* [WHAT YOU SHOULD DO]
Starting at the line below that contains "Microwave Steamer Cooker" and ending at the line that contains "bathroom featuring vanity, electric", retype each line exactly as it stands, but omit the pictures.
AVAILABLE RECORDS START
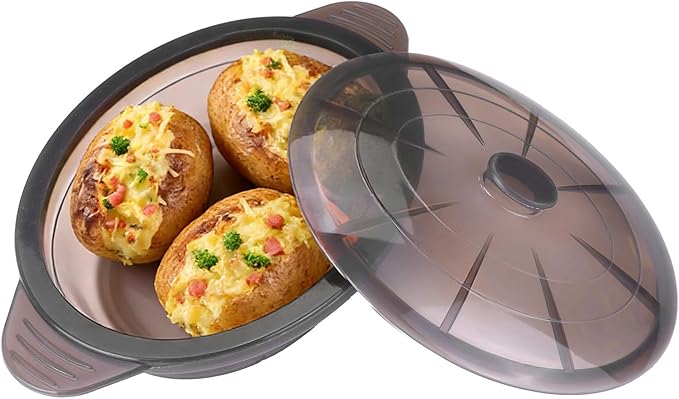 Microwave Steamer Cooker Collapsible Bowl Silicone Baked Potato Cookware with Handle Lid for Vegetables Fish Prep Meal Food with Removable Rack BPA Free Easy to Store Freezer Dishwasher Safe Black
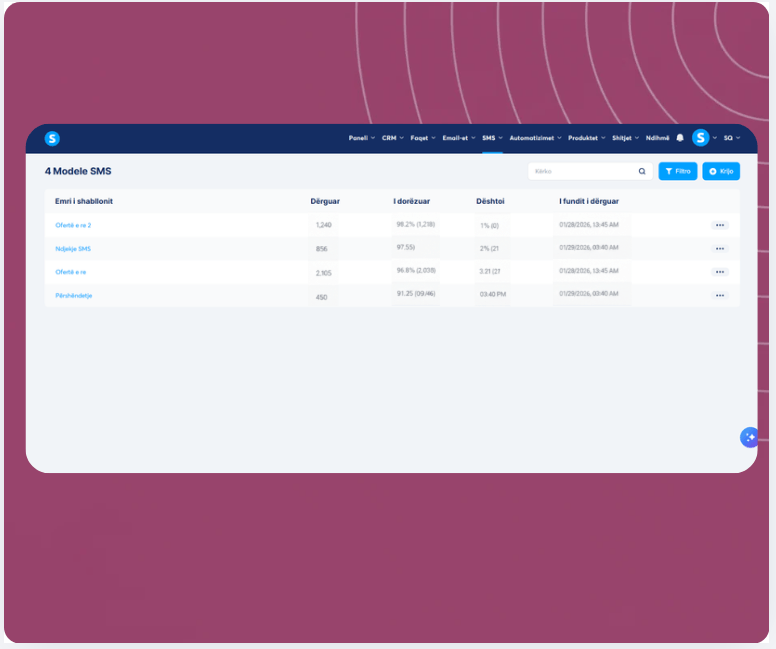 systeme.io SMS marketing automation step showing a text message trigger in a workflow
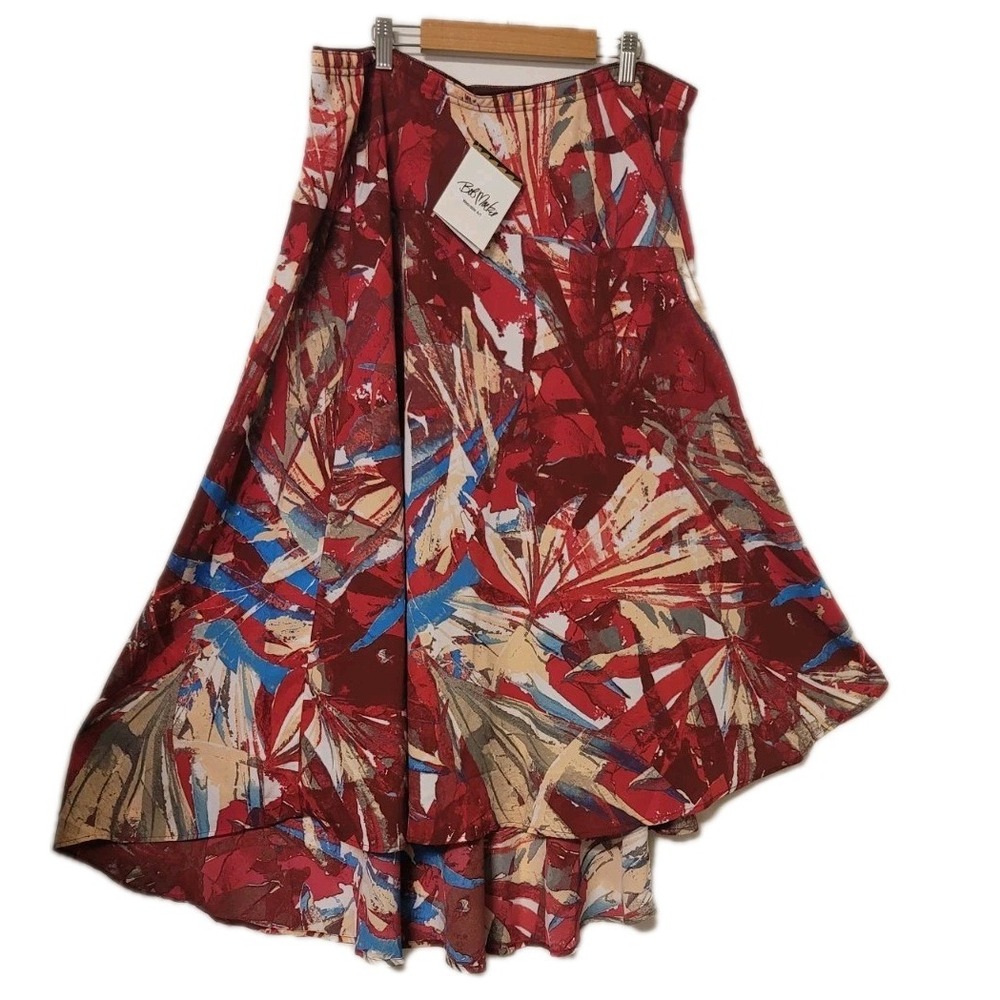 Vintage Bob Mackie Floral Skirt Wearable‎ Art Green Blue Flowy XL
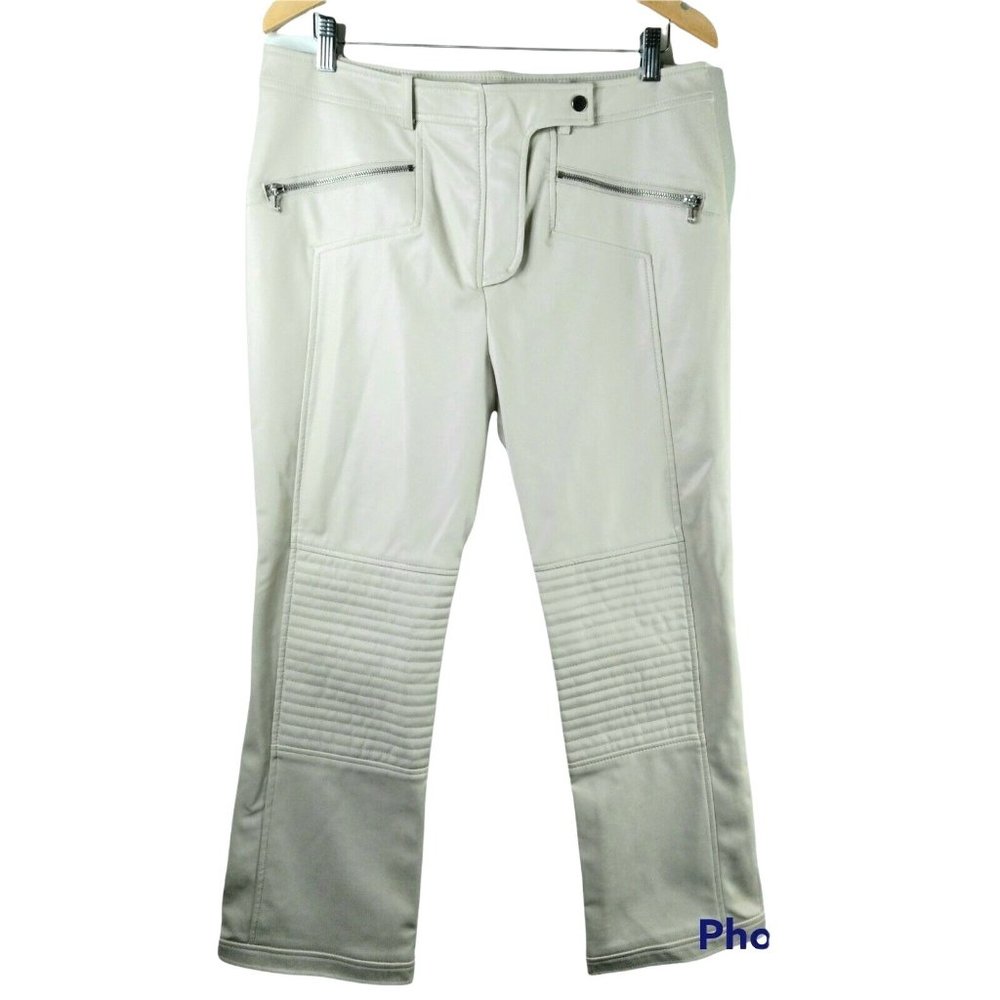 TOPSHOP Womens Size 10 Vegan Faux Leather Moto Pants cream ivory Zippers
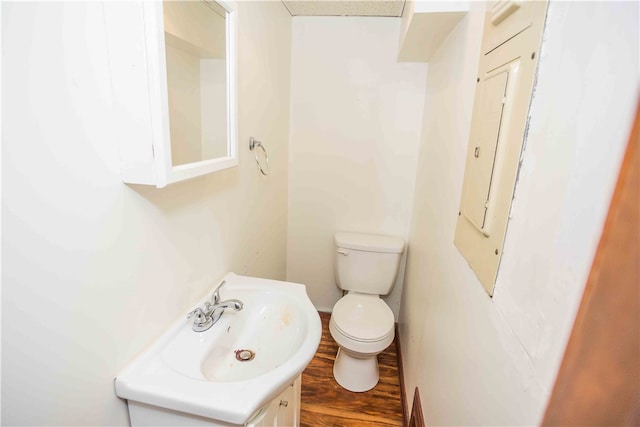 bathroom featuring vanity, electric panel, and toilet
AVAILABLE RECORDS END
AVAILABLE RECORDS START
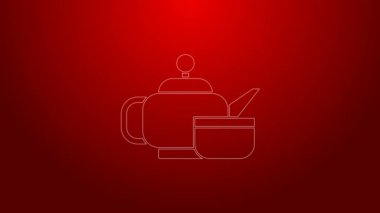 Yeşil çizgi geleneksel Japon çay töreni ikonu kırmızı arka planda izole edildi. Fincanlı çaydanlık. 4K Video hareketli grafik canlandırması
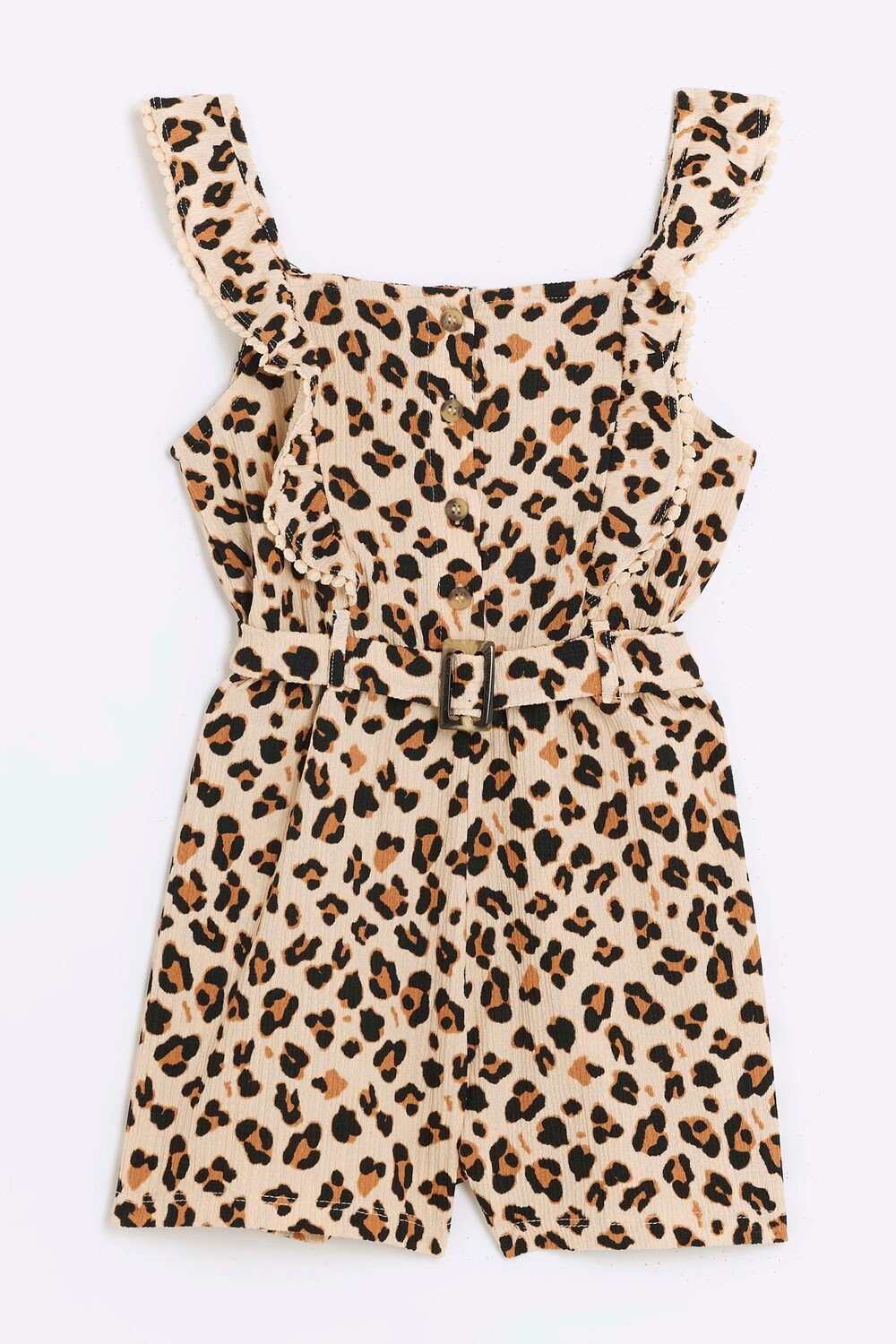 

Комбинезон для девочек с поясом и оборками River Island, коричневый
AVAILABLE RECORDS END
* [TASK RESPONSE]
 Microwave Steamer Cooker Collapsible Bowl Silicone Baked Potato Cookware with Handle Lid for Vegetables Fish Prep Meal Food with Removable Rack BPA Free Easy to Store Freezer Dishwasher Safe Black
 systeme.io SMS marketing automation step showing a text message trigger in a workflow
 Vintage Bob Mackie Floral Skirt Wearable‎ Art Green Blue Flowy XL
 TOPSHOP Womens Size 10 Vegan Faux Leather Moto Pants cream ivory Zippers
 bathroom featuring vanity, electric panel, and toilet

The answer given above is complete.